Bajaj Electricals (BJE) continues to remain on track for deleveraging of the balance sheet (net debt of Rs8bn as of Q1FY21) which we reckon will continue further in FY21E/FY22E. Management outlook of flat CD revenues and breakeven EPC EBIT in FY21 is commendable. Maintain HOLD with a target price of Rs419 based on 25x FY22E EPS of Rs17 (unchanged).
- Q1FY21 was weak on expected lines. CD revenues were down by 50% YoY with 2.1% EBIT margin. Company has managed 200-300bps increase in CD margins driven by price increase which was offset due to lower sales in Q1FY21. The revenue in CD business was nil in April, 60% of last year in May and ~104% of last year in June.
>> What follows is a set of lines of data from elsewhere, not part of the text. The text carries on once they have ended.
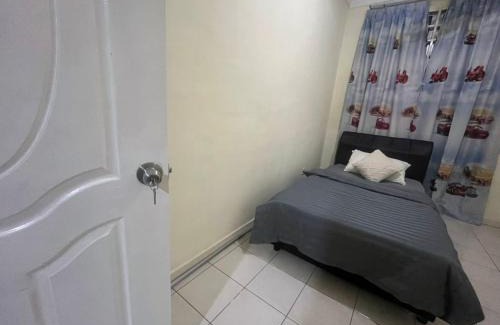 Darau Maison | Yunie Homestay Kota Kinabalu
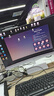 飛利浦（PHILIPS）27英寸 75Hz 全高清 FreeSync自適應同步 HDMI/VGA 1500R曲率 曲面顯示屏 游戲娛樂(lè )顯示器 271E1SCW 曬單實(shí)拍圖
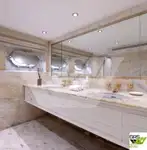 କ୍ରୁଜ୍ ଜାହାଜ ବିକ୍ରୟ ପାଇଁ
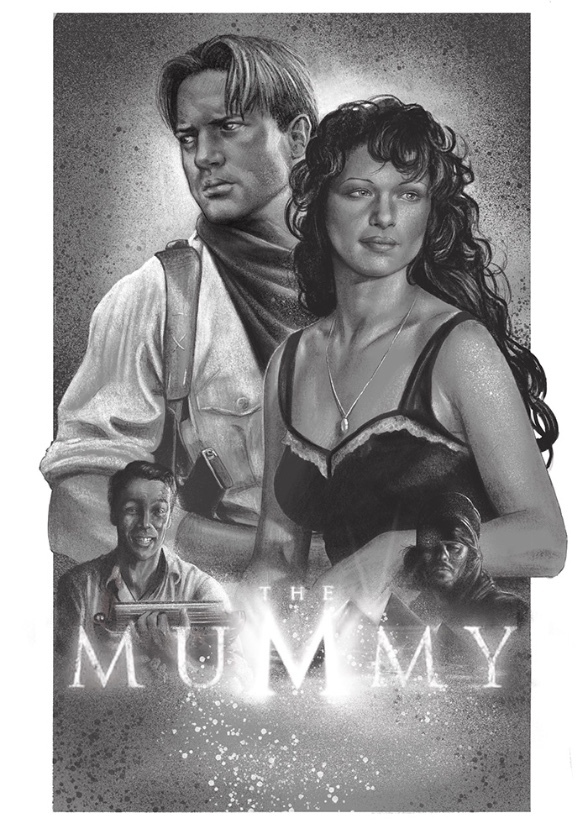 The Mummy (1979)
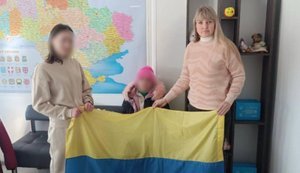 З окупації та РФ вдалося повернути 60 українців, серед них важкохворі та батьки звільненого з полону військового, - Лубінець. ФОТО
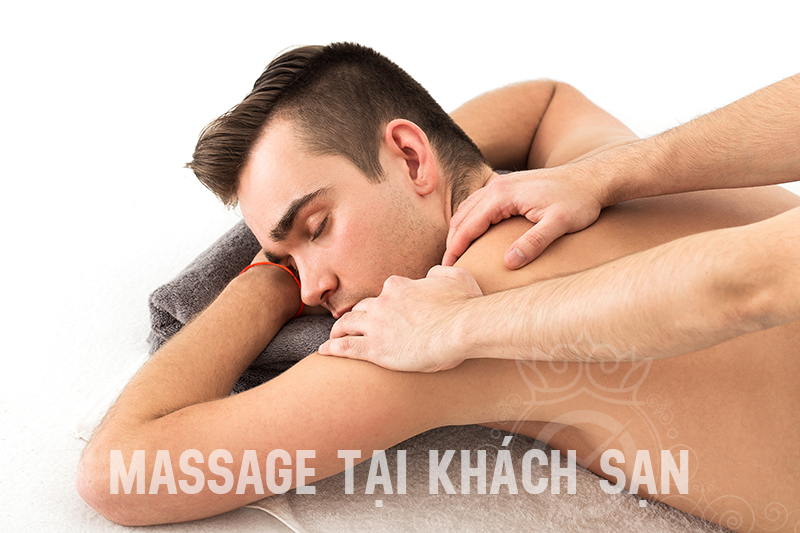  massage tại khách sạn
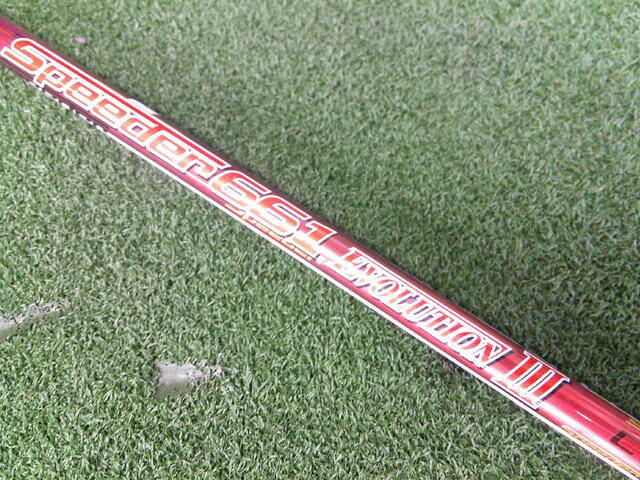 TaylorMade 中古ゴルフ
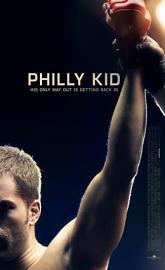 The Philly Kid poster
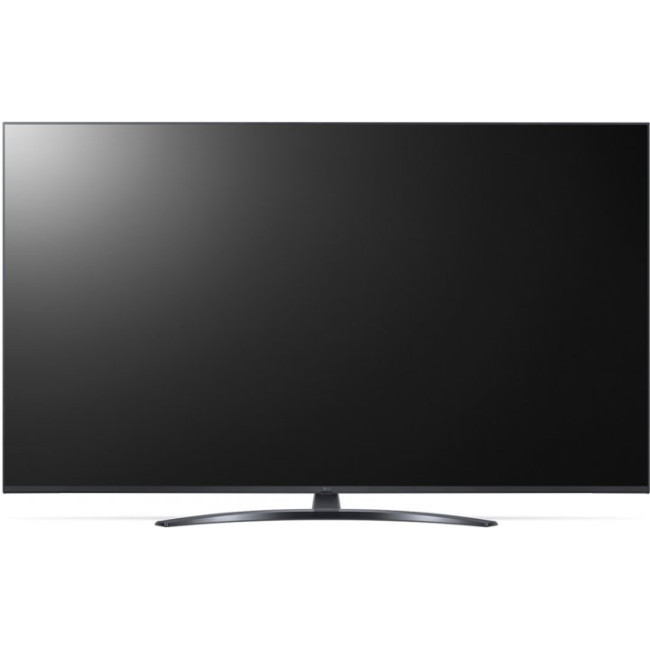 Телевизор LG 65UQ81006LB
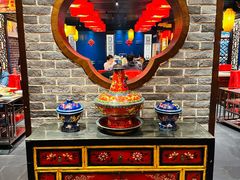 -三宝涮肉(体育学院店)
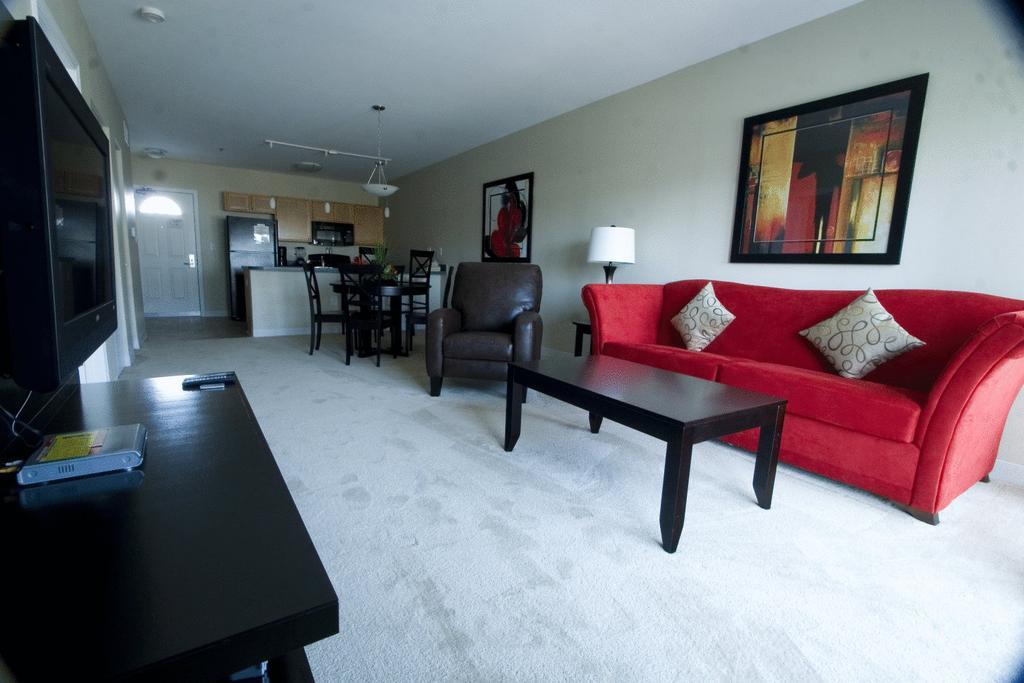 Suites Of The Market Common By Beach Vacations Conway Kamer foto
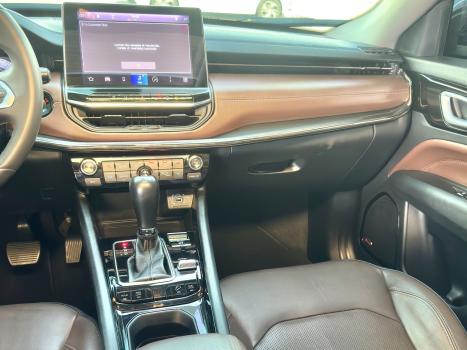 JEEP Compass 2.0 16V 4P 350 LIMITED 4X4 TURBO DIESEL AUTOM�TICO, Foto 8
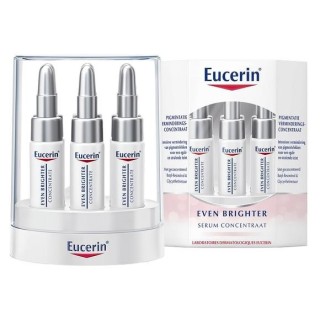 Eucerin 优色林 美白祛斑精华液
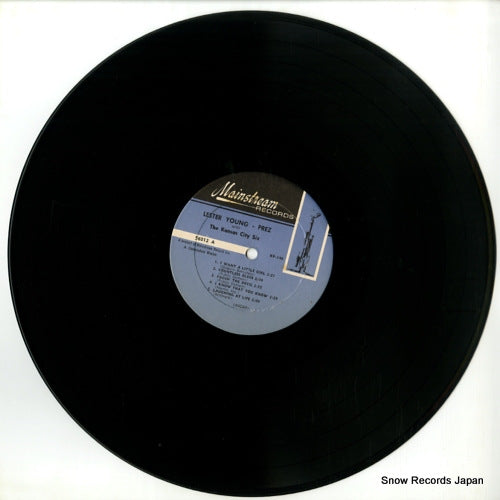 56012 / KP-146 disc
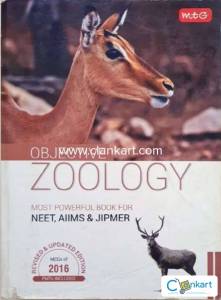 MTG Objective Zoology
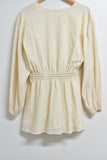 Ladies Tops - Sabo - Size M/10 - LT0 - FAS006 - V.G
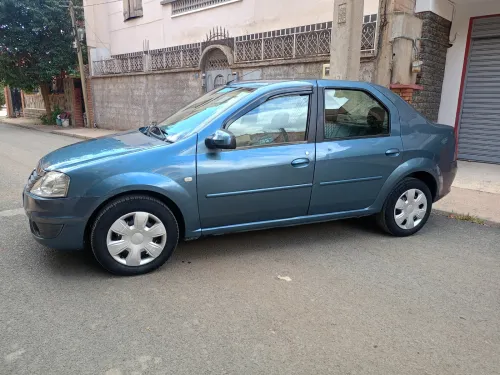 Dacia Logan 2010 Logan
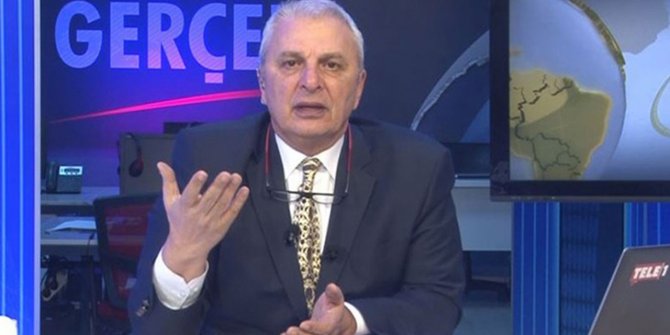 Can Ataklı'ya ''Cumhurbaşkanına hakaret'' davası: 4 yıl 8 aya kadar hapsi isteniyor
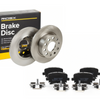 brake kit volkswagen golf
July continues to be decent but sporadic lockdown will pose supply challenges. Traditional retail and e-commerce (13% for BJE now) are driving sales while modern retail format remains impacted from lockdown. Kitchen appliances and fans have witnessed better traction compared to coolers. EPC business was down 59% YoY (Illumination, power distribution and transmission revenue of Rs580mn, 660mn and 900mn respectively) in Q1FY21 with EBIT loss of Rs437mn.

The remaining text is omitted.